In a following statement, the Student Loans Company apologized for the error, stating:
"The information was sent in error and only included email addresses, no other personal student data was shared […] The integrity and security of student accounts and the protection of personal information is vital to us, and we apologise to all of the students involved."
The agency has been in touch with all of the students involved in the blunder.
This kind of mistake fortunately only included the email addresses of the students, but it does serve as a reminder of how only one small human error can result in a serious data protection breach.
One student contacted the BBC and said:
"This is such a disgusting error in the security of students' data. They can't get away with it."
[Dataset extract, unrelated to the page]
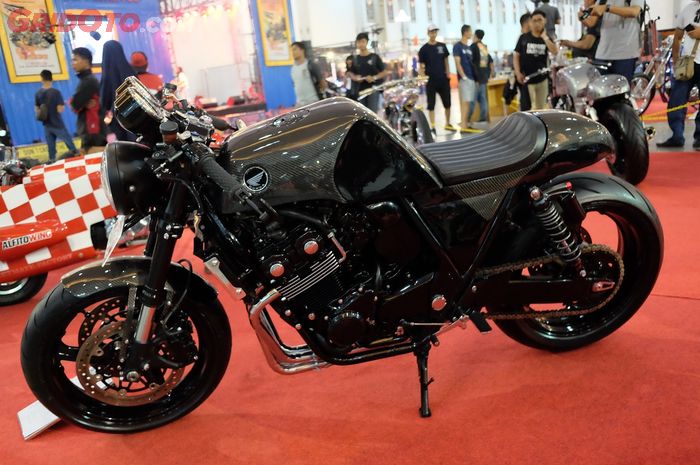 Cb400 modified sales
On occasion, many firms suffer security breaches due to human mistakes, system disruption or deliberate hacking by third parties. However, it is necessary to both train and remind staff within these organisations that one small mistake can have catastrophic consequences – not only for the individuals involved, but for the firm itself.
The flow and exchange of data online is difficult to control. To someone who specializes in fraud aimed at students, that attachment, even though it only contains email addresses, can be considered a goldmine – putting the students involved at a higher risk of attempted fraud.
The Student Loans Company has often come under fire -- especially at the time in which students begin a new academic year and loans faces constant delays. In 2010 the government-owned agency was criticised for overcharging students on loans.